3.7 Must-Gather (Comprehensive)

For escalation-level investigation:

Run oc adm must-gather --dest-dir=./must-gather-data

This launches pods that collect comprehensive debugging data across the cluster. Only run this when other phases haven't been sufficient.

Context Summary

After Phase 3, update your hypothesis:

Does cluster operator status explain the issue?
Are node-level logs revealing?
Is this a security/RBAC issue?
Is this a resource exhaustion issue?

Phase 4: Report

Produce a structured investigation report.

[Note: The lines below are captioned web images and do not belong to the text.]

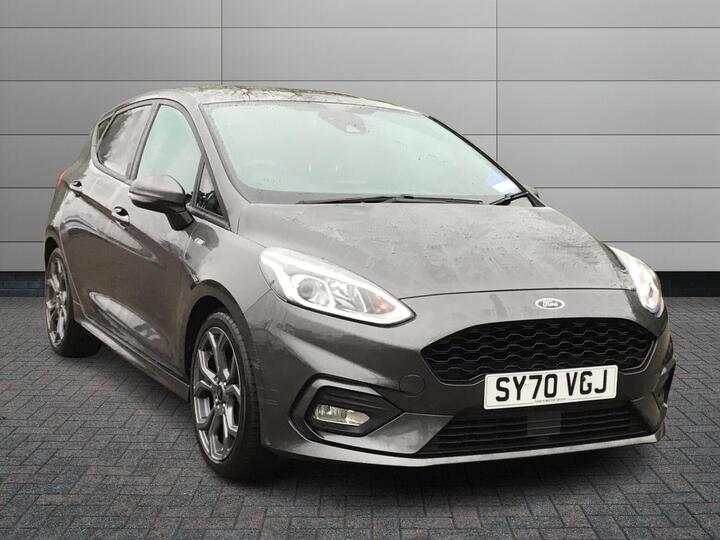 Ford Fiesta 1.0T EcoBoost MHEV ST-Line Edition Euro 6 (s/s) 5dr
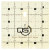 Quilters Select Non-Slip Ruler 3.5in x 3.5in Quilters Select Non-Slip Ruler 3.5in x 3.5in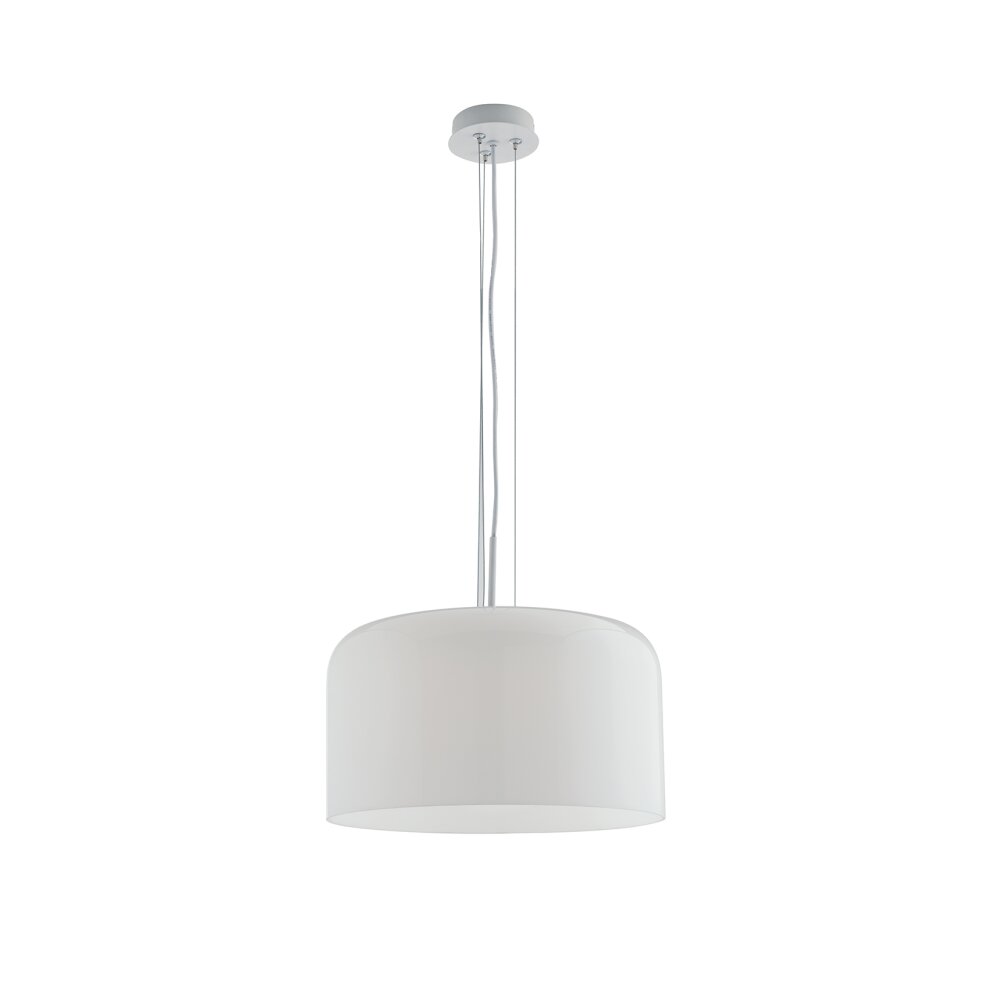 Luce Design Gibus Pendelleuchte Weiß, 1-flammig main product photo
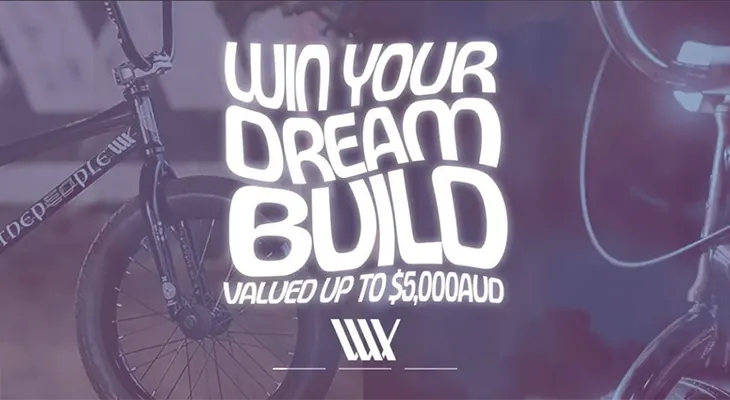 LuxBMX - Win your dream build Bike!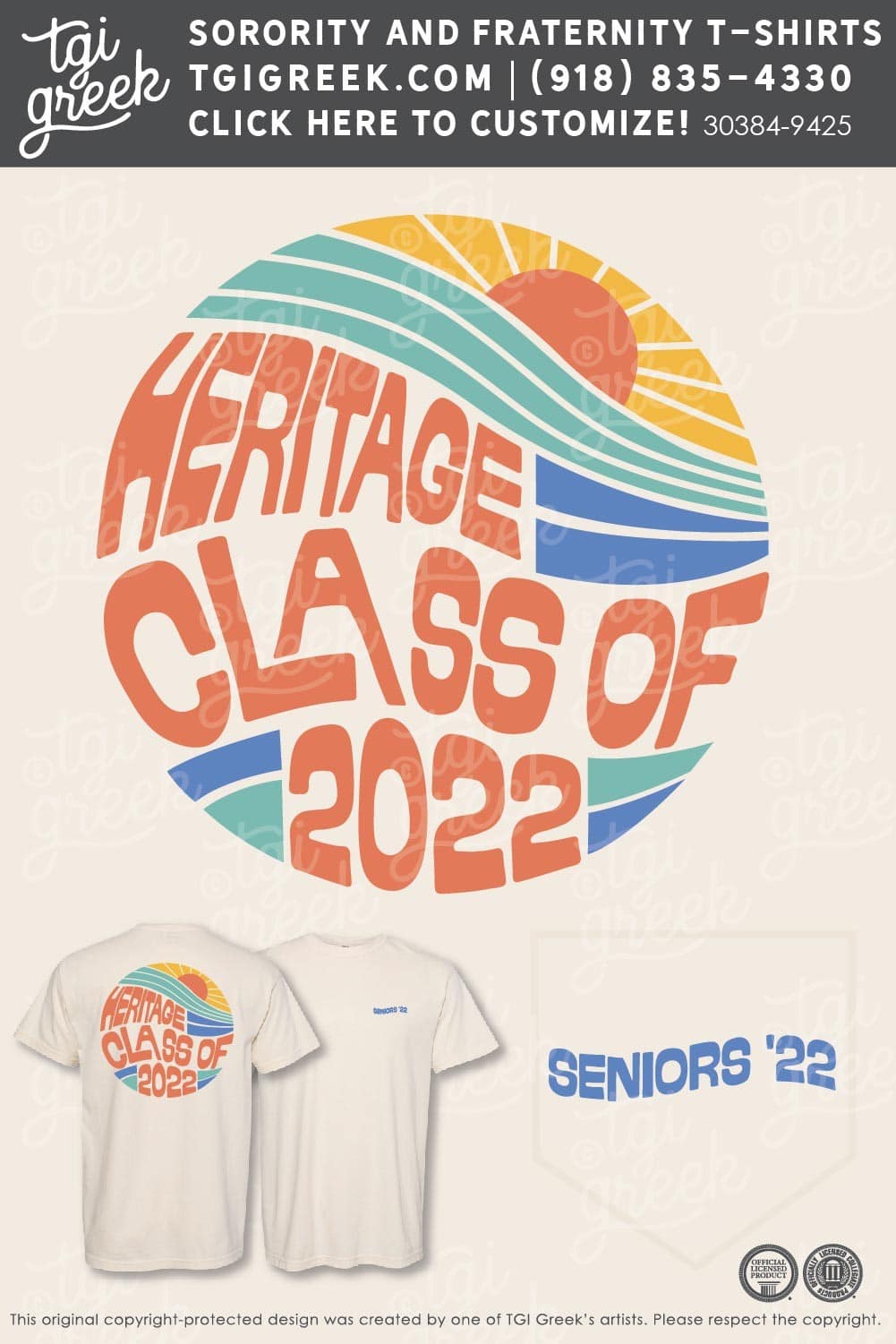 Heritage Academy – Senior Class Run In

Create the investigation-reports directory if it doesn't exist:

Run mkdir -p ./investigation-reports

Save the report to ./investigation-reports/YYYY-MM-DD-<topic>.md using this template:

Report Template

# Incident Investigation Report

**Date:** YYYY-MM-DD
**Investigator:** [agent]
**Cluster:** [cluster URL from oc whoami --show-server]
**Project/Namespace:** [namespace]

## Summary

[2-3 sentence summary of what happened and the root cause]

## Timeline

| Time | Event | Source |
|------|-------|--------|
| ... | ... | oc get events / oc logs |

## Affected Resources

| Resource | Namespace | Status | Issue |
|----------|-----------|--------|-------|
| pod/xxx | ns | CrashLoopBackOff | OOMKilled |

## Root Cause

[Detailed explanation of the root cause with evidence]

## Evidence

[Key command outputs that support the root cause determination]

## Recommended Next Steps

1. [Immediate action]
2. [Follow-up action]
3. [Preventive measure]

Write the report and inform the user of its location.

Guardrails

Read-only commands (get, describe, logs, adm top, adm inspect, auth can-i): Execute freely without asking.
Destructive or state-changing commands (delete, drain, cordon, scale, rollback, restart): Always ask the user for confirmation before running.

Adaptive Behavior

If Phase 1 reveals node issues: Focus Phase 2 on node debugging (2.3), skip pod-specific steps unless pods are also affected.
If Phase 1 reveals only pod failures in one namespace: Skip cluster-wide checks, focus on that namespace's pods (2.1), deployments (2.2), and services (2.4).
If Phase 2 suggests security/permission issues: Prioritize Phase 3 security context review (3.5).
If the user provides a specific pod/deployment name: Skip Phase 1 triage and go directly to Phase 2 for that resource, then expand to Phase 1 if the root cause isn't clear.
If oc commands fail with permission errors: Run oc auth can-i --list to understand available permissions and adapt commands accordingly.